Indoor Air Quality Control

Principal investigator: Kristina Saarela, M.Sc.,VTT Chemical Technology, Environmental Technology, E-mail:

Population exposure and to air pollution caused by different chemical compounds and to annoying odours inside buildings is usually much more significant than outdoors due to higher concentrations and overall longer periods of time spent indoors. As the indoor air quality (IAQ) has a non-negligible impact on human health and comfort, a healthy indoor climate should be one of the main objectives of today's construction practise. This, however, requires development of comprehensive and effective ways for characterisation of the air indoor and related symptoms. Until now, only a few health effect studiesconcerning the health and discomfort effects of indoor air have been carried out. Indoor air is strongly affected by the surrounding building materials releasing a wide variety of chemical compounds such as volatile organic compounds (VOCs), aldehydes and ammonia, which are suggested to cause several types of health effects and discomfort. As only little knowledge of material emissions and their health and acute discomfort effects is currently available and as there is no consensus on the harmful chemical compounds, source emission control is currently considered the most effective control option. Some classification systems, such as Finnish 'Classification of Indoor Climate, Construction, and Finishing Materials' are already been promoted. The development and use of new healthy materials however requires deeper understanding of material emissions and their correlation with perceived indoor air quality, personal health and well being.

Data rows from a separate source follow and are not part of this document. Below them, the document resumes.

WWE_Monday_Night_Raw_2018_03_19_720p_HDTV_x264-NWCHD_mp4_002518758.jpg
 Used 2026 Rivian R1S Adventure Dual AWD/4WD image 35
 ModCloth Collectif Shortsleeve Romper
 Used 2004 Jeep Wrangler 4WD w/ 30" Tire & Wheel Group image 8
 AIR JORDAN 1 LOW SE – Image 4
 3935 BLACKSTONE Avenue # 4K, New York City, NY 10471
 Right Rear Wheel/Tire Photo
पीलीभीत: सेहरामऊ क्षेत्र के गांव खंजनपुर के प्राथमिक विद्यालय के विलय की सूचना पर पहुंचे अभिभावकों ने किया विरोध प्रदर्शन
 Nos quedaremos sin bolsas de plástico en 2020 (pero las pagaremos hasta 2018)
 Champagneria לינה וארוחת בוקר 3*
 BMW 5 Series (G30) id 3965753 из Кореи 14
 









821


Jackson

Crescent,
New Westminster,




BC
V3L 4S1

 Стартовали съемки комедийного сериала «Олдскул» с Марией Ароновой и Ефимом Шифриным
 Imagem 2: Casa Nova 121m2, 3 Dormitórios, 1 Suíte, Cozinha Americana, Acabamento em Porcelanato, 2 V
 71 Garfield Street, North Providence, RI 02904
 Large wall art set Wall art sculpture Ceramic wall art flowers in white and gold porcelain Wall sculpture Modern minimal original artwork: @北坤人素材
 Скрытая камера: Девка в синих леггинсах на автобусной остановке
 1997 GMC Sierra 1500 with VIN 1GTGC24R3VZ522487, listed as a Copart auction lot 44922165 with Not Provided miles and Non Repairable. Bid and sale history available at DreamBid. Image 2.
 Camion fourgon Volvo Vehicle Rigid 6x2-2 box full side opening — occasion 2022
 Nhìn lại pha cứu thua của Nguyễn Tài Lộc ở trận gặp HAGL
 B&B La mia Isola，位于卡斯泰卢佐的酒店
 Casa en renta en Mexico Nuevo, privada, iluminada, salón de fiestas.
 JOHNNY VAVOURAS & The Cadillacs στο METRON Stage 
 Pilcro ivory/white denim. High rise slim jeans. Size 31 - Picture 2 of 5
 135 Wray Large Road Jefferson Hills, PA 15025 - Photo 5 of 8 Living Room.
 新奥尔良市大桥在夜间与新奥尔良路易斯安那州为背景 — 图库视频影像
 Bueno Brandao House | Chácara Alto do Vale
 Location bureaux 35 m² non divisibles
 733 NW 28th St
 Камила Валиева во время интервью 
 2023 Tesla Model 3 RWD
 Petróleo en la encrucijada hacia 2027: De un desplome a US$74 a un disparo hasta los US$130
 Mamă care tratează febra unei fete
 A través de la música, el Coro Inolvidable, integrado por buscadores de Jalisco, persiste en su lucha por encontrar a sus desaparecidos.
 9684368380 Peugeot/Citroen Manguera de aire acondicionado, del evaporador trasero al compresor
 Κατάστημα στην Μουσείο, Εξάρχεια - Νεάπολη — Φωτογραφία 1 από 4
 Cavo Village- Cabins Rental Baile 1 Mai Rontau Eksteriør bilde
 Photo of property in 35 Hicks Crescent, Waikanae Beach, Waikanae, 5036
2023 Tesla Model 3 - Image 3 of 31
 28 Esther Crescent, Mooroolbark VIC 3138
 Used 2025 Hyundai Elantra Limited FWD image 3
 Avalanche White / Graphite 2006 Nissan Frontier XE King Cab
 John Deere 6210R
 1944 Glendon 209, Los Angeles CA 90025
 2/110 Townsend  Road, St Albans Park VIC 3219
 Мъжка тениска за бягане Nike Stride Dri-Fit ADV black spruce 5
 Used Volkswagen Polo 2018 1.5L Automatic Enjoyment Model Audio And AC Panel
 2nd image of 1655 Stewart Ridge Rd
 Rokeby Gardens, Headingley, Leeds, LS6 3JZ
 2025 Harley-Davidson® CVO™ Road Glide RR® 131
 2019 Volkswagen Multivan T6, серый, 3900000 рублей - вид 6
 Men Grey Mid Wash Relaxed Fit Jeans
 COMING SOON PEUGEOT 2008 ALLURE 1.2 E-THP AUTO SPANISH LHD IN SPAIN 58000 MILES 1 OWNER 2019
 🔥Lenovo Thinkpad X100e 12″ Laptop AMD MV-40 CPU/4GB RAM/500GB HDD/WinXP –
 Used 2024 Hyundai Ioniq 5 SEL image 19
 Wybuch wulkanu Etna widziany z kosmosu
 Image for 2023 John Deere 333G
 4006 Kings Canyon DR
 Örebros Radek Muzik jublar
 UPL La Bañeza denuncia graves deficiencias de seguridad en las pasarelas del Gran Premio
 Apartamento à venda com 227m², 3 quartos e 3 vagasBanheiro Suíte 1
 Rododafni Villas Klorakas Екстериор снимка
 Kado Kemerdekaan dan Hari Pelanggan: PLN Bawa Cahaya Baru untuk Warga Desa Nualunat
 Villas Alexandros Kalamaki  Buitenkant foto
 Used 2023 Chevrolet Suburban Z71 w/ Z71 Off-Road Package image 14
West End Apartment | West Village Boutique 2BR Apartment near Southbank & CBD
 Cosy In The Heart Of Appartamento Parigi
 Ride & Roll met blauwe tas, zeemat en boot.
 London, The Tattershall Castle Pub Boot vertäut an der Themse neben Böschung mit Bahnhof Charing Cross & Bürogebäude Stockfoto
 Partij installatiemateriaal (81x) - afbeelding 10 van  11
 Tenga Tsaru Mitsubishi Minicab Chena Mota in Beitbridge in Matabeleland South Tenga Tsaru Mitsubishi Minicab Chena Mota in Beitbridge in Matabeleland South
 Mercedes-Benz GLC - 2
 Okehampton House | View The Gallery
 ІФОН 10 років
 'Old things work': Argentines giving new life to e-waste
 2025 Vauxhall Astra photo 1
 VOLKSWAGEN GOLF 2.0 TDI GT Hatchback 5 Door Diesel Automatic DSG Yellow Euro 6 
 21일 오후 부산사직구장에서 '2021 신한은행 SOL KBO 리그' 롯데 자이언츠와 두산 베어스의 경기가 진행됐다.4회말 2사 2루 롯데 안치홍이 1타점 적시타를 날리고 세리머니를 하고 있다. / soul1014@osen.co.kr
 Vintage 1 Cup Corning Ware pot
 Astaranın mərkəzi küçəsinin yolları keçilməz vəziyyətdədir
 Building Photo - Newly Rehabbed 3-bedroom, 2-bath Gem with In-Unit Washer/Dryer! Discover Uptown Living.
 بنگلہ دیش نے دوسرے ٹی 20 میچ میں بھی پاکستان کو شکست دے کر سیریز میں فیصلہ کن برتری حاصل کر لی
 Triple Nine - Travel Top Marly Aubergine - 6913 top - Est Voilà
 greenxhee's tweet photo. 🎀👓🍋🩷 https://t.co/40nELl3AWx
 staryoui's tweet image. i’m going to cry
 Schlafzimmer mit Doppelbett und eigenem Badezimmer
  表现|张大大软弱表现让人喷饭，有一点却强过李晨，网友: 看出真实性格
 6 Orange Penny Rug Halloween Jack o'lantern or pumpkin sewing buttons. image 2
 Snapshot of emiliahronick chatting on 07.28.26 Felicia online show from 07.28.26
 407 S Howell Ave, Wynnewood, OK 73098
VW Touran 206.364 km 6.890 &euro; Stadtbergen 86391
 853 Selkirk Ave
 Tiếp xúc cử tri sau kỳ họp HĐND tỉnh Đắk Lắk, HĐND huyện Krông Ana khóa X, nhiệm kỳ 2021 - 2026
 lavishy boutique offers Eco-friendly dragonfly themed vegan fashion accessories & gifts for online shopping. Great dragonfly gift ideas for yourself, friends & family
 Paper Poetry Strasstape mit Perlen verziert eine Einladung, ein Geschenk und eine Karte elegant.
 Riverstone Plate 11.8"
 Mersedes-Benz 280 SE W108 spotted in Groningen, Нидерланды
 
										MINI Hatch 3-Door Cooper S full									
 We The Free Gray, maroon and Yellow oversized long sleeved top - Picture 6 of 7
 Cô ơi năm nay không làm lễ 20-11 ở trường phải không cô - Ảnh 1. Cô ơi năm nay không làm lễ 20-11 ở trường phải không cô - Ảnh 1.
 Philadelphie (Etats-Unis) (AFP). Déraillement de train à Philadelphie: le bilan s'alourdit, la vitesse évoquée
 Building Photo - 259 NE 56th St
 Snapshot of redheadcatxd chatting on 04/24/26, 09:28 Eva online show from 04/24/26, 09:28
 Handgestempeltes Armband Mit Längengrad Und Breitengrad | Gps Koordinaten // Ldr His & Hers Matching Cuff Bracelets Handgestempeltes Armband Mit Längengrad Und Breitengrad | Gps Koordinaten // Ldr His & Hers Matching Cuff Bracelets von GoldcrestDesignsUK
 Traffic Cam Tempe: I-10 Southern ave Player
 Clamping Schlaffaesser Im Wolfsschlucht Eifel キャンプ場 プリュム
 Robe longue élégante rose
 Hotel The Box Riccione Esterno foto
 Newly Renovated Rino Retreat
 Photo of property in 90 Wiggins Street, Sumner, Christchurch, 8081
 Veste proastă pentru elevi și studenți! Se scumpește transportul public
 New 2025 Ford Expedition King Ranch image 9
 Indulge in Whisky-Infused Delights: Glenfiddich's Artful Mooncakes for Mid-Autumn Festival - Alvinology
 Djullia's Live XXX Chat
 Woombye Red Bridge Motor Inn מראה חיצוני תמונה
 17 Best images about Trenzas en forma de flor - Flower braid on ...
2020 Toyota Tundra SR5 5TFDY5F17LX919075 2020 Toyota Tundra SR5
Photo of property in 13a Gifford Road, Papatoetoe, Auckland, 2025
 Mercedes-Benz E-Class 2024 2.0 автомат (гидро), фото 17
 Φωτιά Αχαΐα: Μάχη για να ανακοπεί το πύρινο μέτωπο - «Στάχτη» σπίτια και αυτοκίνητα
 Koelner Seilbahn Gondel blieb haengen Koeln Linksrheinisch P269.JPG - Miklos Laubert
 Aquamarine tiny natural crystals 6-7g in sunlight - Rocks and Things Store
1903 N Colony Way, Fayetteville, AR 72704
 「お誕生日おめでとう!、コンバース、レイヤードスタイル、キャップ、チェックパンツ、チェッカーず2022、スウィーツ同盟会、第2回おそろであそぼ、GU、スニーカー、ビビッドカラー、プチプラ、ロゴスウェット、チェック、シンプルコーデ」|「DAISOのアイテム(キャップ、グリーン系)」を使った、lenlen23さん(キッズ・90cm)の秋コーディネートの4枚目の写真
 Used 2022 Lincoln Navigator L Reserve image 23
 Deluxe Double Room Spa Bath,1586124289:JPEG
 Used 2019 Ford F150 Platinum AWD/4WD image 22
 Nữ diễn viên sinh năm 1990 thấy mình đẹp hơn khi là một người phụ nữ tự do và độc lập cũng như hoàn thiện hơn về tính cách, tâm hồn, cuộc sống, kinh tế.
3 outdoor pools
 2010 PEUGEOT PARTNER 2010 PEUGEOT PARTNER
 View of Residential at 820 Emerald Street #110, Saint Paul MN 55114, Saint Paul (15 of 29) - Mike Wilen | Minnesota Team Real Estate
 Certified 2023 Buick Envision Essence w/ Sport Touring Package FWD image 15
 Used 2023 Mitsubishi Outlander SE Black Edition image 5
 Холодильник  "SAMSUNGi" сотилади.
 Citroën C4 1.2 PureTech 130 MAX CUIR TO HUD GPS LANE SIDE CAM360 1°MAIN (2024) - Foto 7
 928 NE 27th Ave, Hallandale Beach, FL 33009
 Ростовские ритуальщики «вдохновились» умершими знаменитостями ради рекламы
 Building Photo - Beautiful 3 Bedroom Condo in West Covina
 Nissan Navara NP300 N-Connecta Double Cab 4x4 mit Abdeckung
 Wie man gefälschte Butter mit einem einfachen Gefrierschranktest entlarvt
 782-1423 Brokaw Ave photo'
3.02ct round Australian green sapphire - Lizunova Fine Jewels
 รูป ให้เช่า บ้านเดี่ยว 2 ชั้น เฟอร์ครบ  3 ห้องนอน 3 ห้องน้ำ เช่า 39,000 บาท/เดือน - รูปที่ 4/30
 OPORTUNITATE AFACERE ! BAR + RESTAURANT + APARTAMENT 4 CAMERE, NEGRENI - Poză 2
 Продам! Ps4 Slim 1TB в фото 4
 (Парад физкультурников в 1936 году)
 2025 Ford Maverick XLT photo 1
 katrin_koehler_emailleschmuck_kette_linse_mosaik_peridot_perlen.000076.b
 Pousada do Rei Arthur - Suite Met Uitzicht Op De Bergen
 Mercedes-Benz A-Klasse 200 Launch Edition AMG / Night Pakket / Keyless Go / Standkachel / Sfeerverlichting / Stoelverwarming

The first aim of this research is to establish the causal connection between the diagnosed health effects and the chemical composition of indoor air. Based on this knowledge, criteria for good indoor air may be created. The second significant aim is to generate more health and comfort related IAQ and material emission evaluation procedures to be utilised in indoor air diagnostics and material classification purposes. These aims can be achieved by the following research tasks:

simultaneous production of health effect and IAQ data

understanding of causal connection of both indoor and outdoor emissions and their impacts on personal health and well-being through modelling and with the help of an extensive database

development of comprehensive chemical measurement and sensory evaluation techniques, complementary to currently used ones, for IAQ and material emission control

implementation of new testing procedures for indoor air and material emissions

prediction of IAQ from material emission data with the help of a model, which takes into account also the physical

parameters, e.g. ventilation rate and sorption effects

The first task is aimed at establishing criteria for healthy indoor air. This is obtained by combining the existing data from

VTT's IAQ-database, the indoor air data from EU-Expolis study and comprehensive health related data, which is obtained by choosing subjects among the patients treated in Helsinki University Central Hospital because of building related symptoms. The health and comprehensive indoor air data obtained from the subjects and their homes are compared with similar data of a control group. For collecting the comprehensive indoor air data new methods are utilised in order to detect very volatile (VVOCs) and semi-volatile organic compounds (SVOCs) and polar compounds.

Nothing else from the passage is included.